## [RECORDS SUPPLIED]

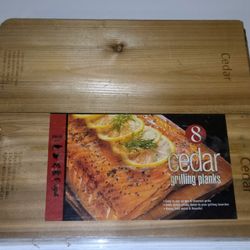 NEW Cedar Grilling Planks - 13 Total
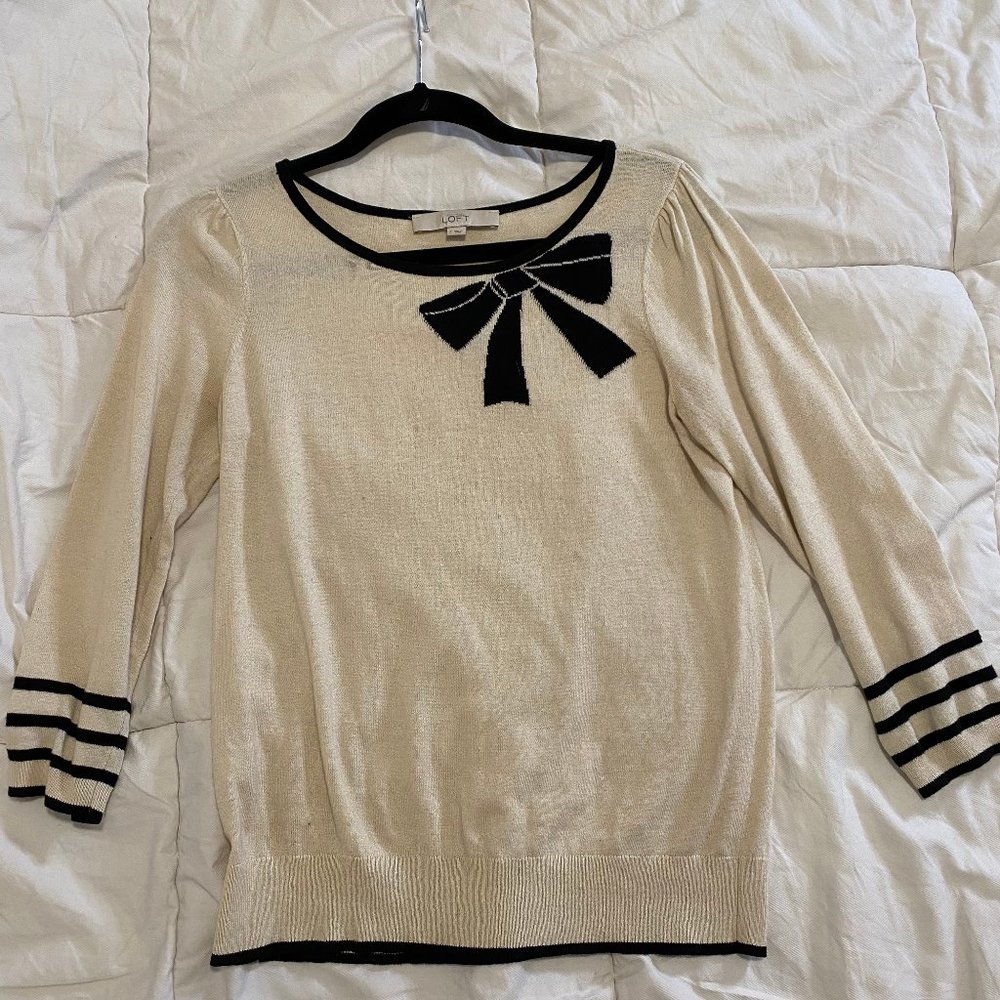 Loft Cream Sweater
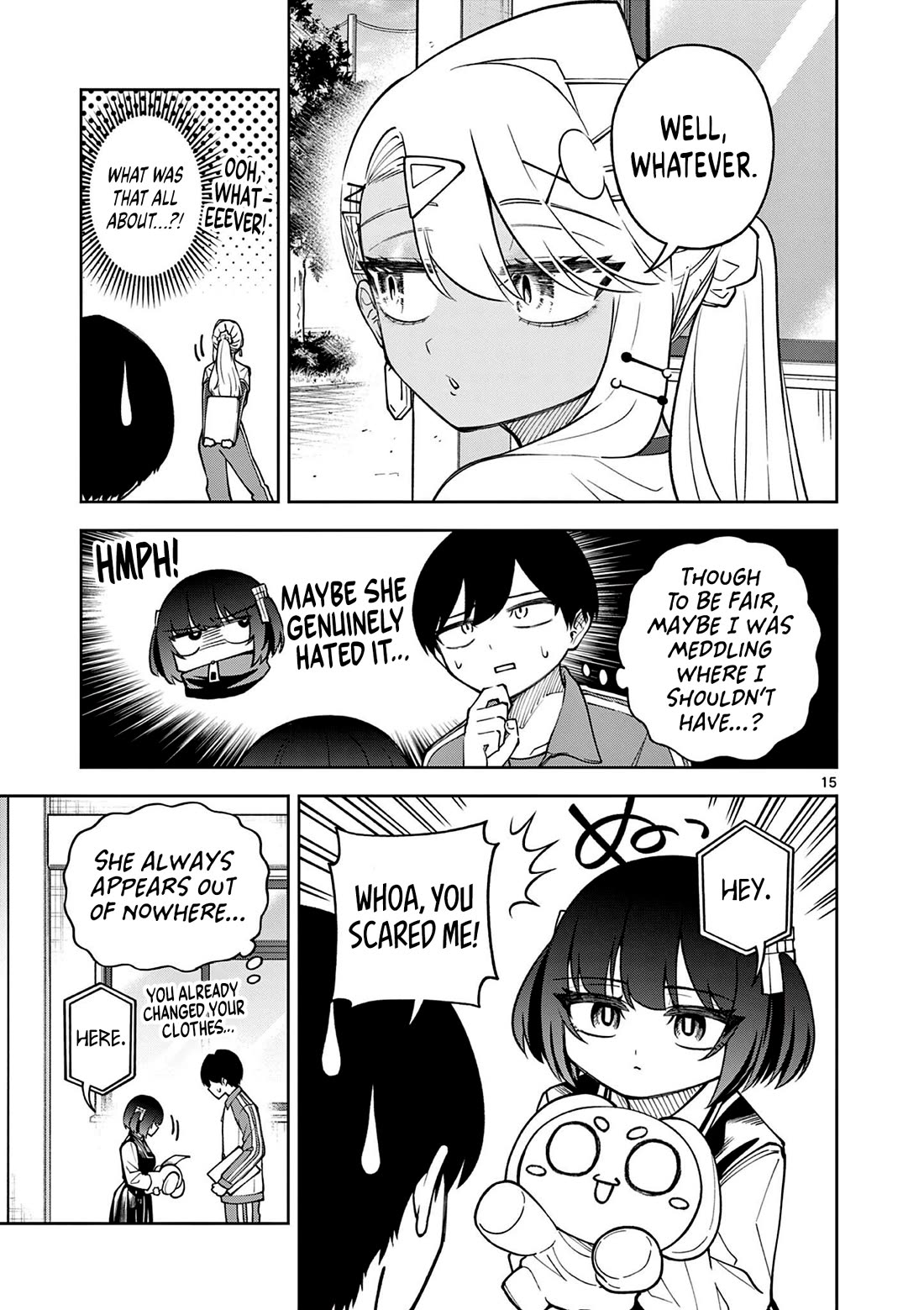 First Love Algorithm Chapter 4 page 15 - Chapter 4: A Three-Person Vegetation Survey!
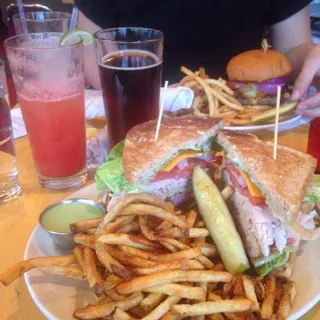 The Dagwood Sandwich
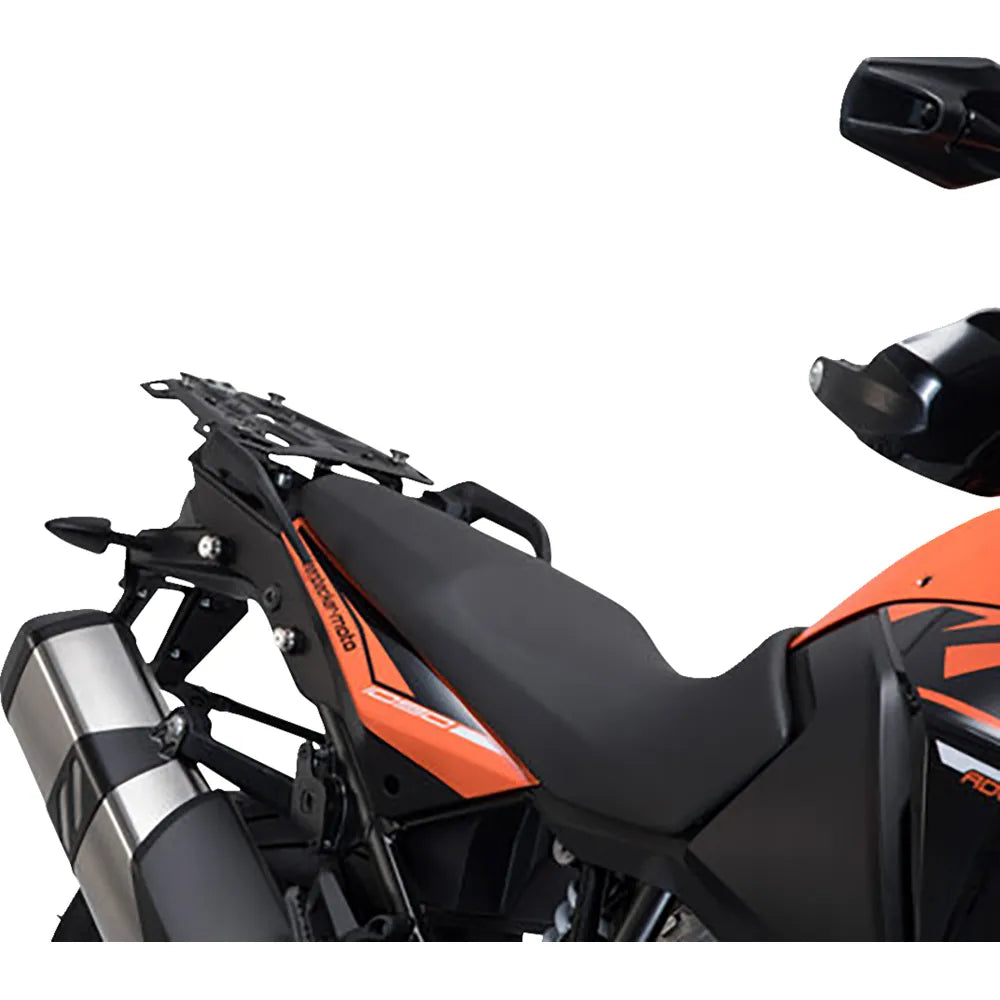 TRAX ADV Aluminum Case System - Black - KTM Adventure 1050/1090/1190/Super Adventure 1290 '13-'20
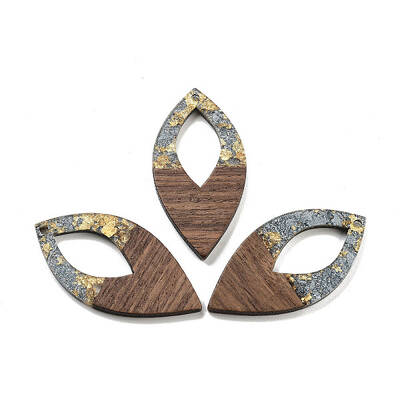 Walnut Wood Pendants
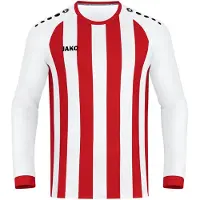 Jako Maillot Enfant Inter LA, Couleur:blanc/rouge sport, Taille:140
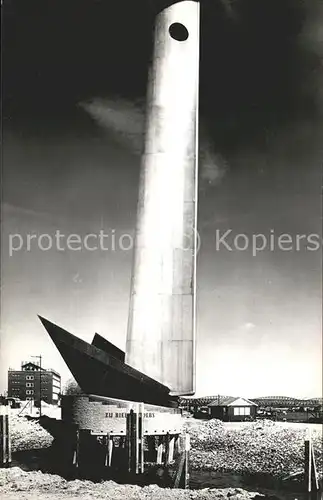 Rotterdam Monument De Boeg Kat. Rotterdam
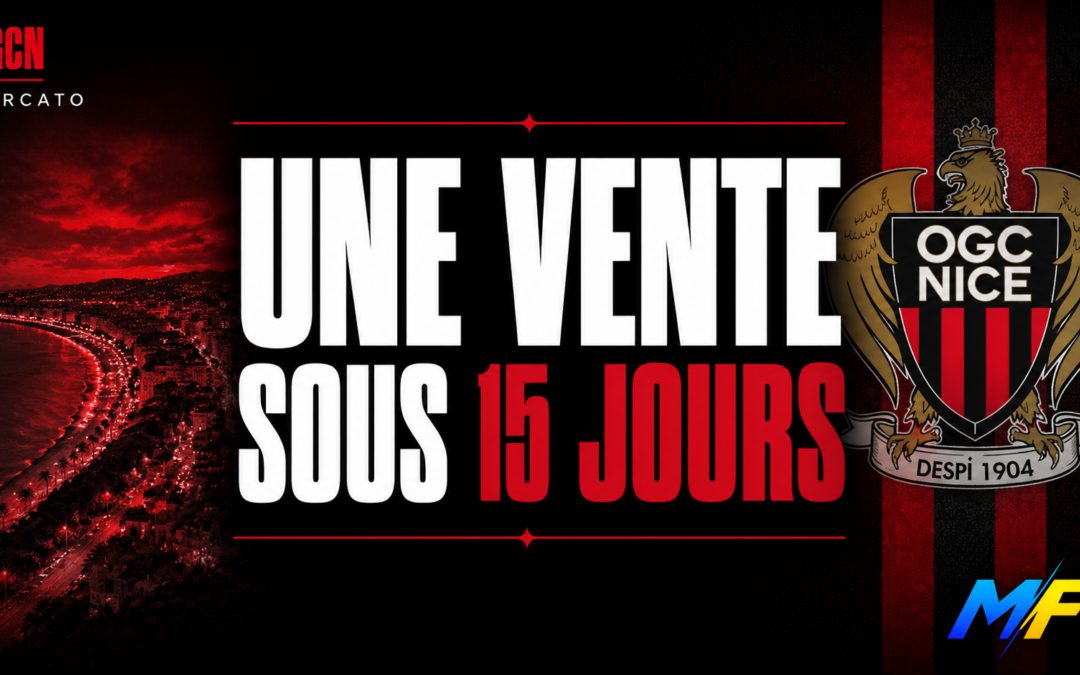 OGC Nice : Une vente actée dans les 15 jours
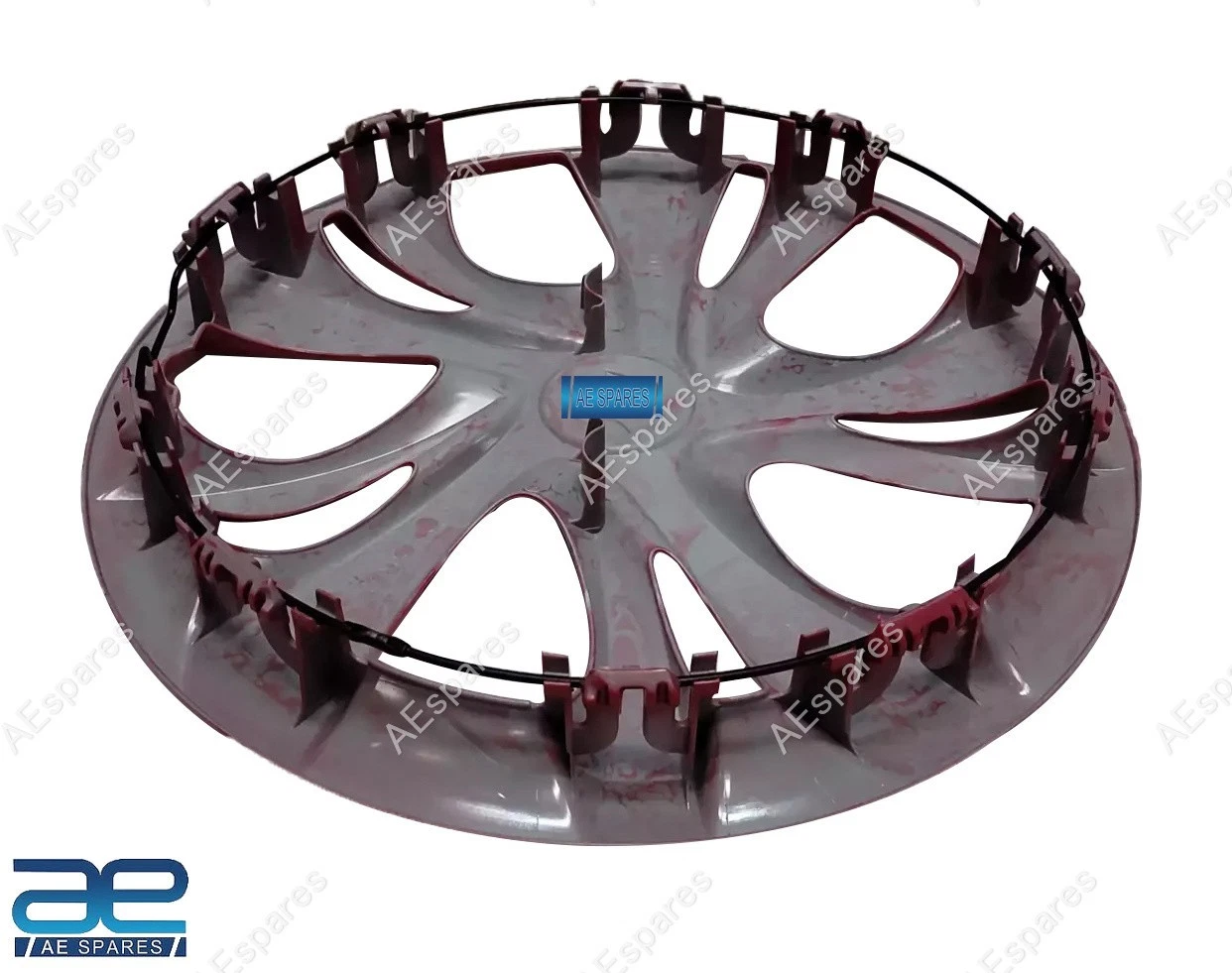 14" Wheel Cover Cap Set Red For Suzuki Swift 2018-2024 990J0M55R04-020 view 2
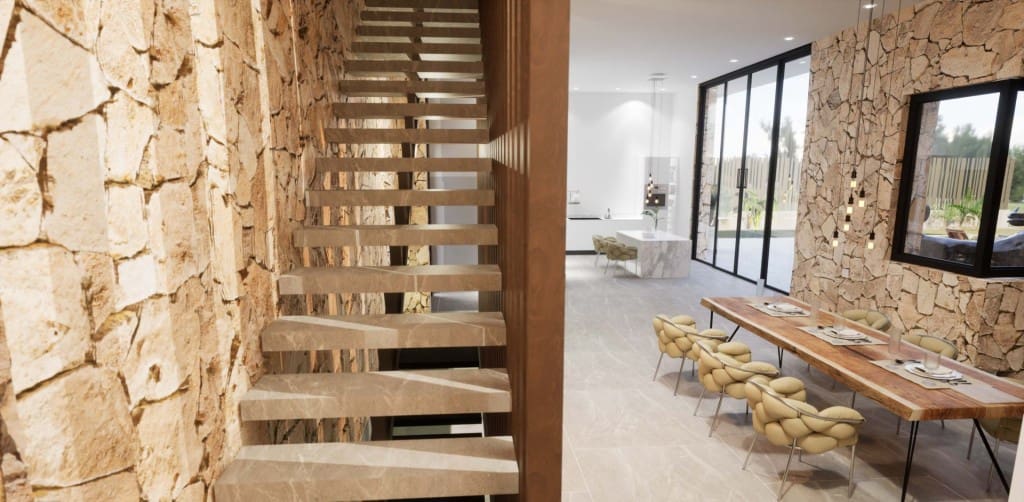 4 soveværelse Villa til salg i Sa Rapita / La Rapita med swimmingpool garage - € 1.920.000 (Ref: 7603966)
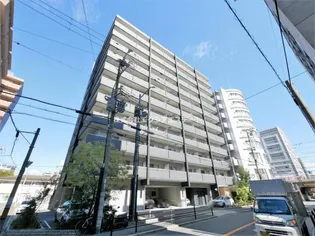 トレヴァンス梅田【8階】の外観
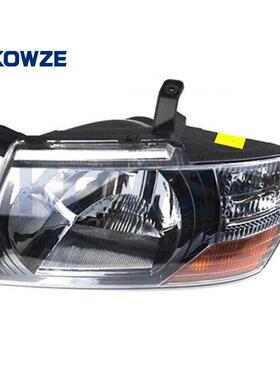 MN133749左白底卤素大灯适用帕杰罗2000-20066G72/4/54M41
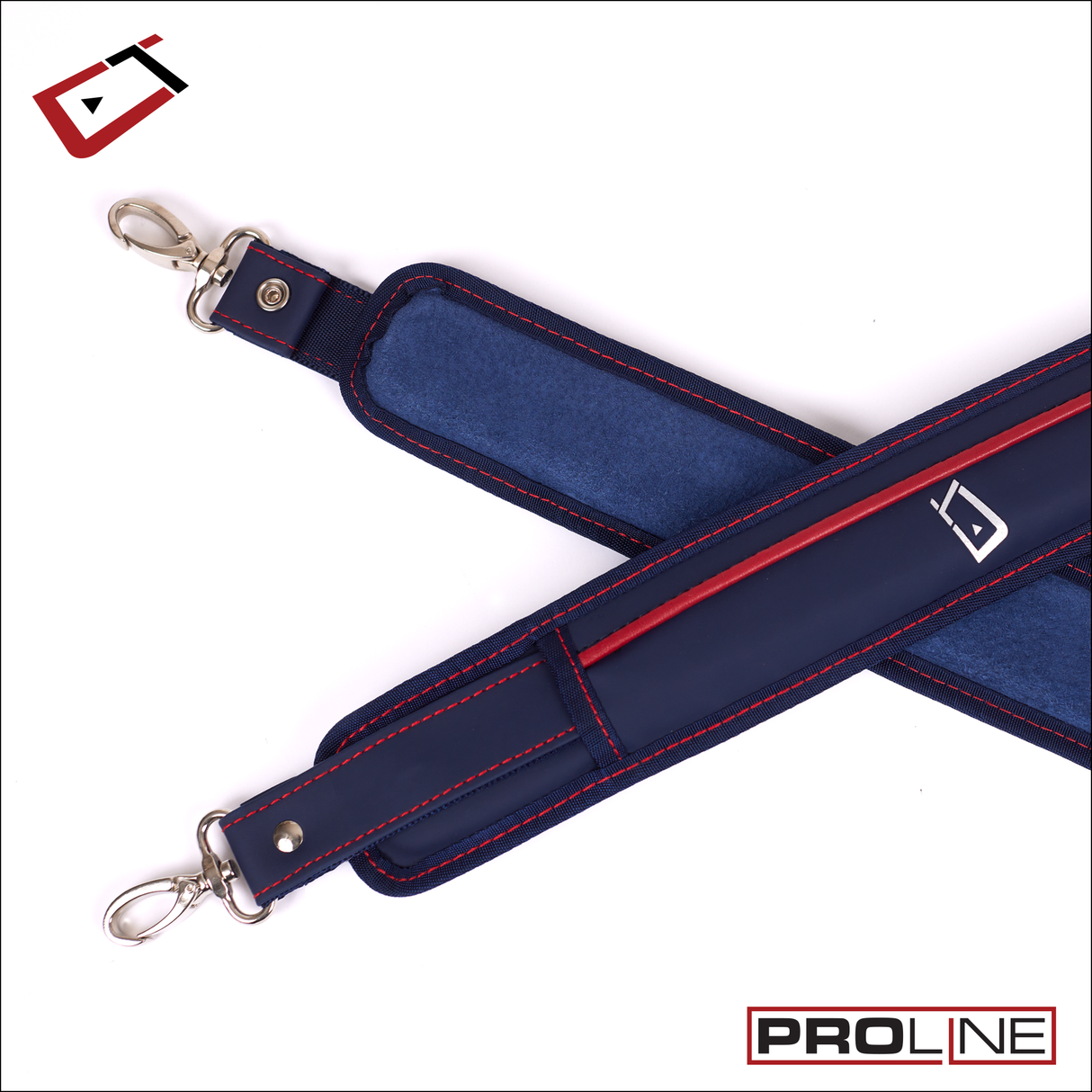 Cuetec Pro Line 3 x 5 Case-Navy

## [EXERCISE DIRECTIONS]
Retype, please, exactly the lines that begin with the one containing "TRAX ADV Aluminum" and end at the last line of the entries above, both included, leaving out pictures.

## [SOLUTION TO THIS TASK]
 TRAX ADV Aluminum Case System - Black - KTM Adventure 1050/1090/1190/Super Adventure 1290 '13-'20
 Walnut Wood Pendants
 Jako Maillot Enfant Inter LA, Couleur:blanc/rouge sport, Taille:140
 Rotterdam Monument De Boeg Kat. Rotterdam
 OGC Nice : Une vente actée dans les 15 jours
 14" Wheel Cover Cap Set Red For Suzuki Swift 2018-2024 990J0M55R04-020 view 2
 4 soveværelse Villa til salg i Sa Rapita / La Rapita med swimmingpool garage - € 1.920.000 (Ref: 7603966)
 トレヴァンス梅田【8階】の外観
 MN133749左白底卤素大灯适用帕杰罗2000-20066G72/4/54M41
 Cuetec Pro Line 3 x 5 Case-Navy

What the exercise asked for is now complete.